I am facing the following error using modelr
add_predictions
function.
modelr add_predictions error: in model.frame.default(Terms, newdata, na.action = na.action, xlev = object$xlevels): fe.lead.surgeon has new levels ....
In my understanding, it is a common issue that arises when you are making the prediction model using a train dataset and applying the model to a test dataset since the factor levels that existed in a train dataset may not be present in a test dataset. However, I am using the same sample for creating the model and getting the predicted values, and still getting this error.
Specifically, here is the code I am using, and I would appreciate it for any insight on why this error occurs and how to solve this issue.

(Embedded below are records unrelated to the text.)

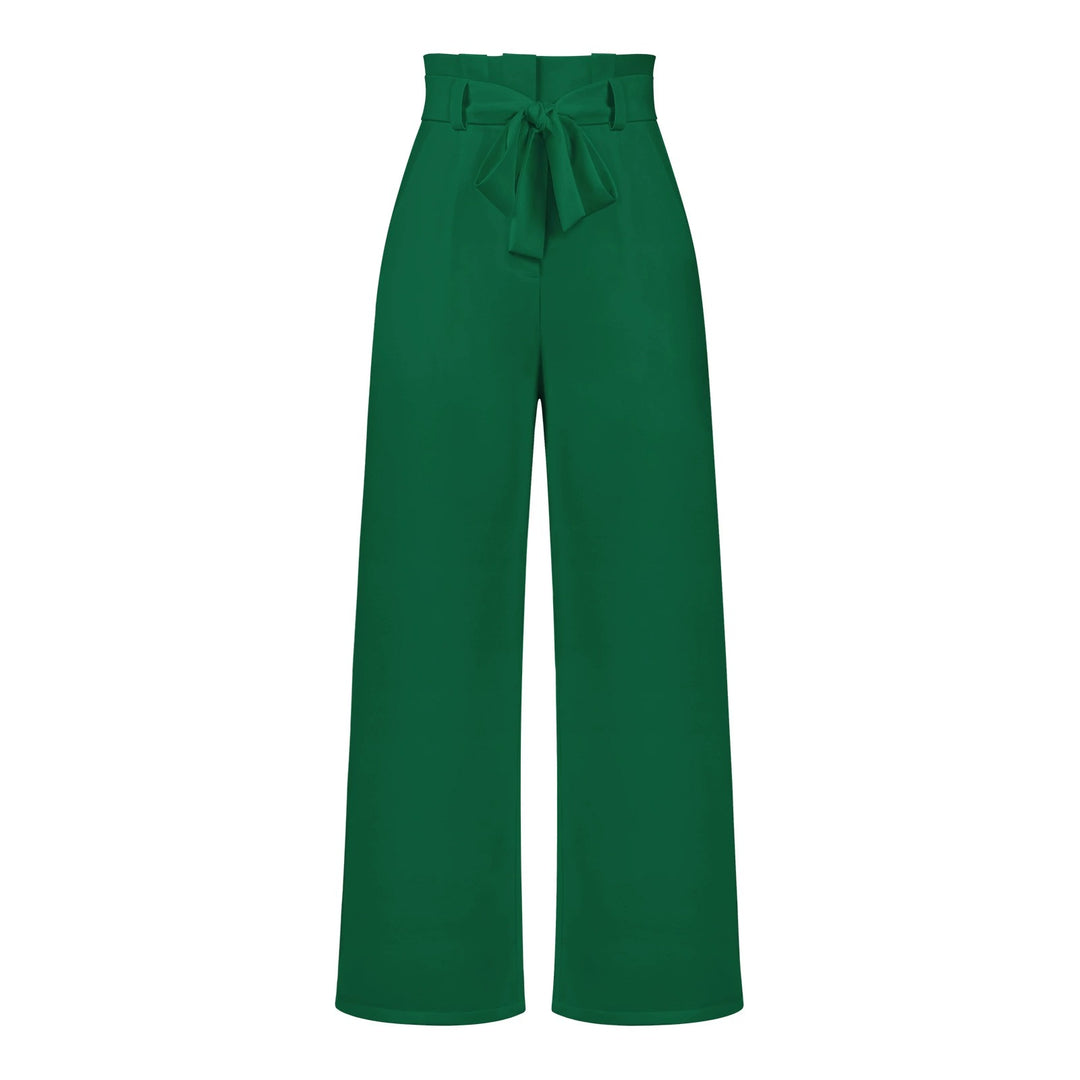 Womens High-Waisted Trousers with Tie Waist Relaxed Fit - BritishMode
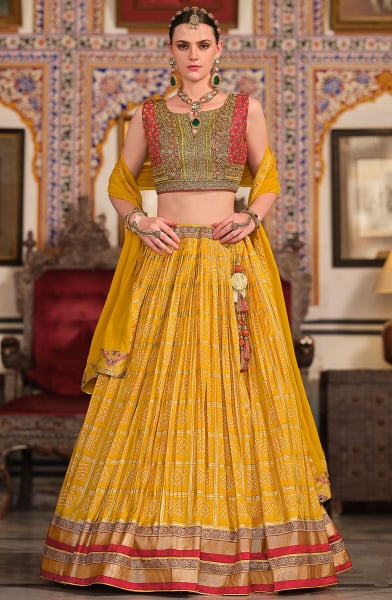 Mustard Silk Designer Readymade Lehenga Choli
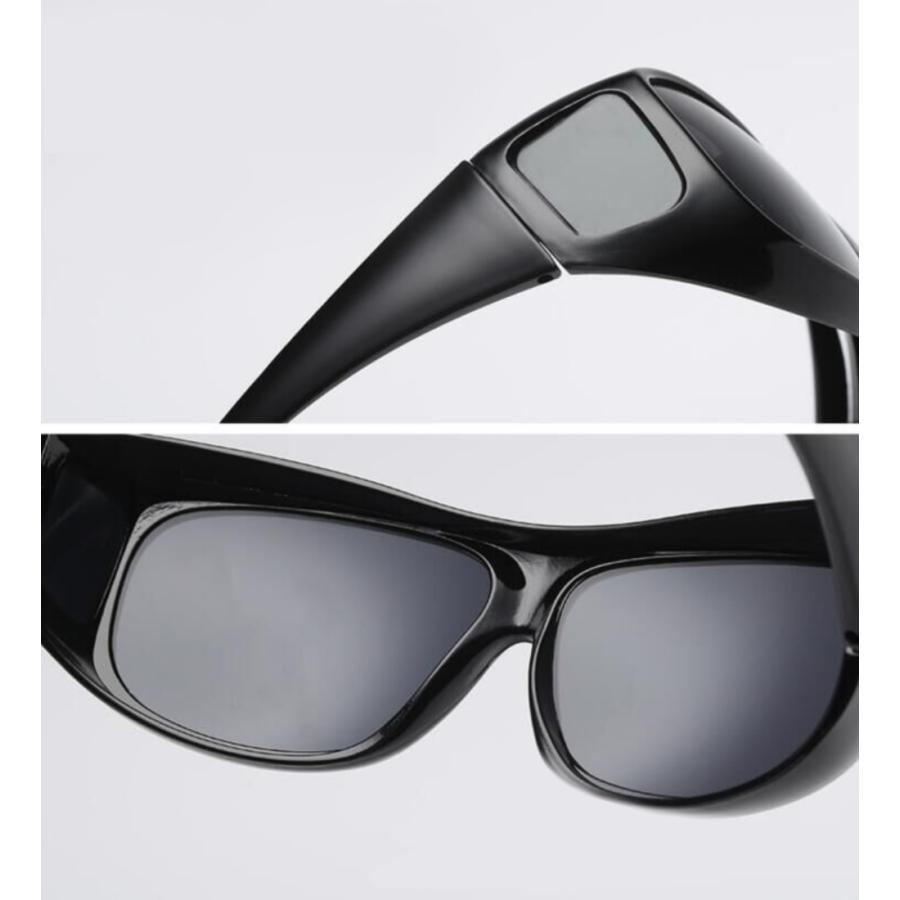 偏光 サングラス UV400 紫外線カット オーバーサングラス 眼鏡の上からかけられる オーバーグラス ６点セット メンズ｜kosd｜18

# indep is a vector of independent variable names
# dep is a vector of dependent variable names
# id.case is the id variable
# sample is my dataset.
eq <-
paste(indep, collapse = ' + ') %>%
paste(dep, ., sep = ' ~ ') %>%
as.formula
s <-
lm(eq, data = sample %>% select(-id.case))
pred <-
sample %>%
modelr::add_predictions(s) %>%
select(id.case, pred)
As per the request of @SimoneBianchi, I am providing the reproducible example here.
Reproducible example
library(tidyverse)
library(tibble)
library(data.table)
rename <- dplyr::rename
select <- dplyr::select
set.seed(10002)
id <- sample(1:1000, 1000, replace=F)
set.seed(10003)
fe1 <- sample(c('A','B','C'), 1000, replace=T)
set.seed(10001)
fe2 <- sample(c('a','b','c'), 1000, replace=T)
set.seed(10001)
cont1 <- sample(1:300, 1000, replace=T)
set.seed(10004)
value <- sample(1:30, 1000, replace=T)
sample <-
data.frame(id, fe1, fe2, cont1, value)
dep <- 'value'
indep <-
c('fe1','fe2', 'cont1')
eq <-
paste(indep, collapse = ' + ') %>%
paste(dep, ., sep = ' ~ ') %>%
as.formula
s <-
lm(eq, data = sample %>% select(-id))
pred <-
sample %>%
modelr::add_predictions(s) %>%
select(id, pred)
Update and Workaround
One workaround I found is that you don't use modelr function but use fitted function. However, I would still want to learn why the regression automatically drops soma factor levels from a factor variable. If anyone knows, please leave a comment.
pred <-
sample %>%
cbind(pred = fitted(s))
Closing: Problem found with the dataset
I found that some observations were NA that had new levels
in the corresponding factor variable -- the error. After I fixed the NA, the original code worked fine. So, it was a problem with the dataset rather than the code!
Thank you all for trying to help me out.